Aksi-aksi kekerasan atas nama agama, budaya, dan membendung ijtihad bukanlah solusi dan bentuk kebebasan yang beradab, ketika kelompok-kelompok tertentu mengharamkan demokrasi dengan segala macam kebebasan yang di anugerahkannya dalam berdinamika dan berdialog, justru di saat itu golongan tersebut sesungguhnya memakai demokrasi sebagai alat untuk menghakimi orang yang berbeda, sebagai lawan, menyebut kafir, dan berperang seolah atas nama Tuhan.  Pemikiran yang di sarikan atas nama syariat Islam ini sesungguhnya akan memelihara perkembangan dan mewujudkan kemanusiaan, harmonisasi dan peradaban.
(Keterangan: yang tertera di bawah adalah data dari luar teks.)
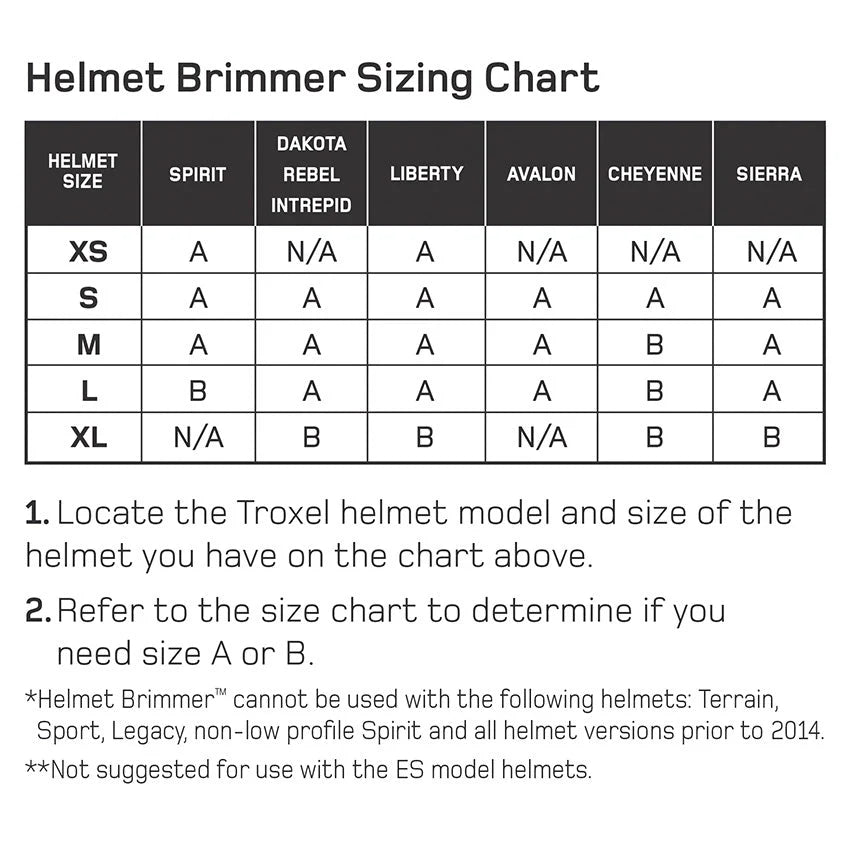 Weaver Leather Helmet Brimmer™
Jika menolak perbedaan dan pemikiran, yang ada, maka sama halnya telah menolak akan takdir dan ketetapan Allah SWT. Sikap optimisme dan aspirasi-aspirasi logis yang tiada henti inilah sesungguhnya yang diinginkan oleh bangsa ini untuk sebuah kemerdekaan yang utuh, bermartabat dan lebih baik karena pada dasarnya itulah yang menjadi fundamen the founding fathers nya negeri ini.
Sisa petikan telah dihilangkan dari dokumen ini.